-- Opening Marker --

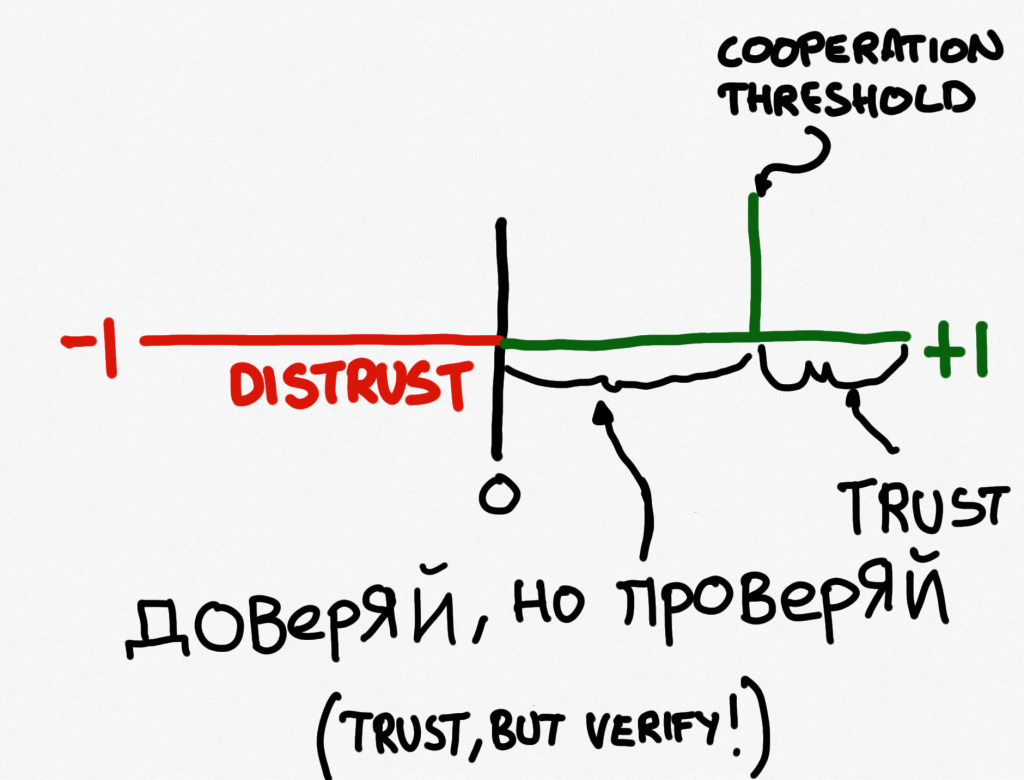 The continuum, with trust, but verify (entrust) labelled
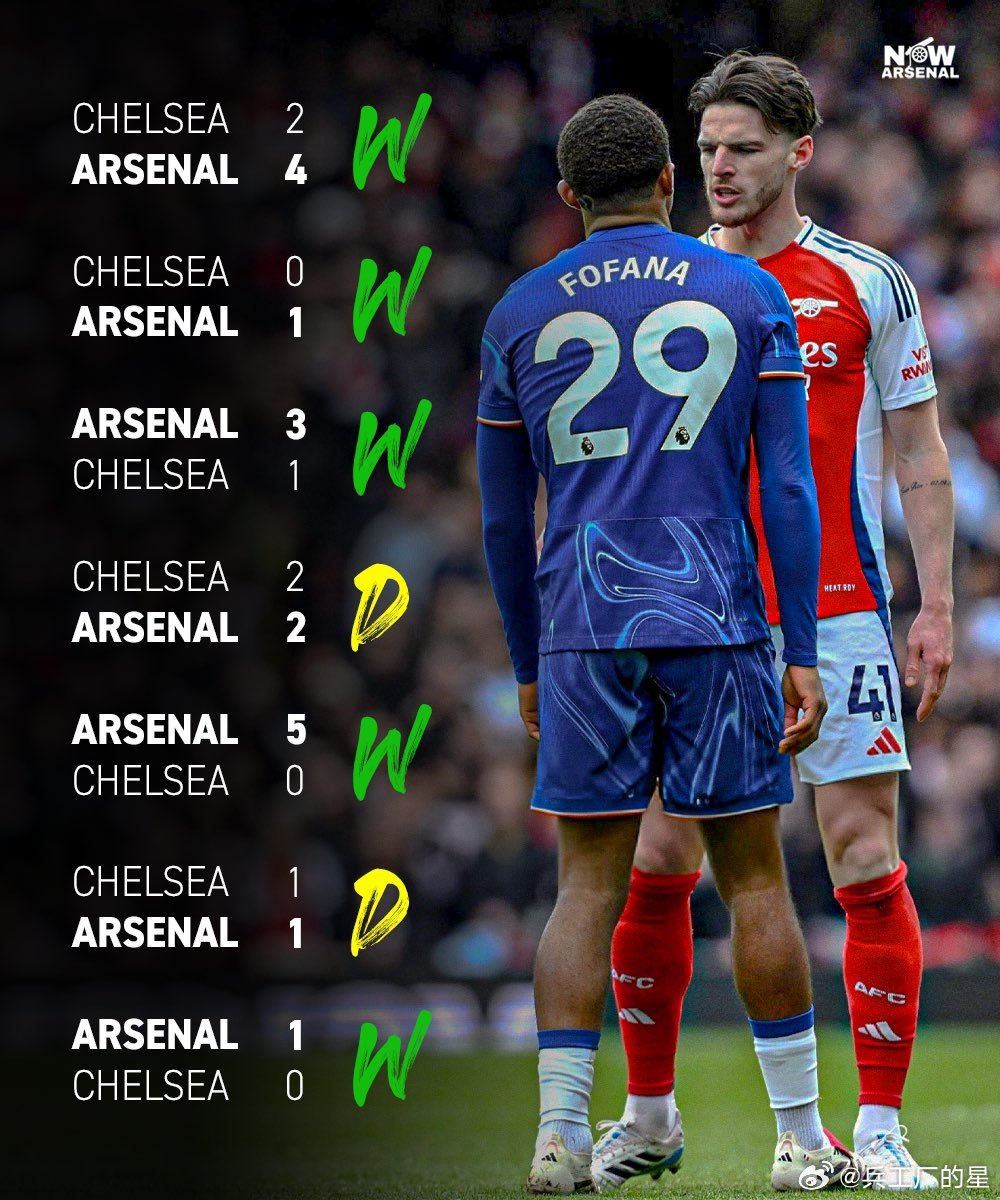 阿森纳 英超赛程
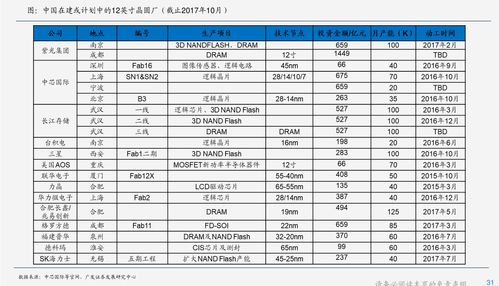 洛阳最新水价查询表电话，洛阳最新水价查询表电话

-- Closing Marker --

§ PROBLEM STATEMENT:
Every line above should be transcribed word for word; leave the pictures out.

§ ANSWER FOR THE TASK:
 The continuum, with trust, but verify (entrust) labelled
 阿森纳 英超赛程
 洛阳最新水价查询表电话，洛阳最新水价查询表电话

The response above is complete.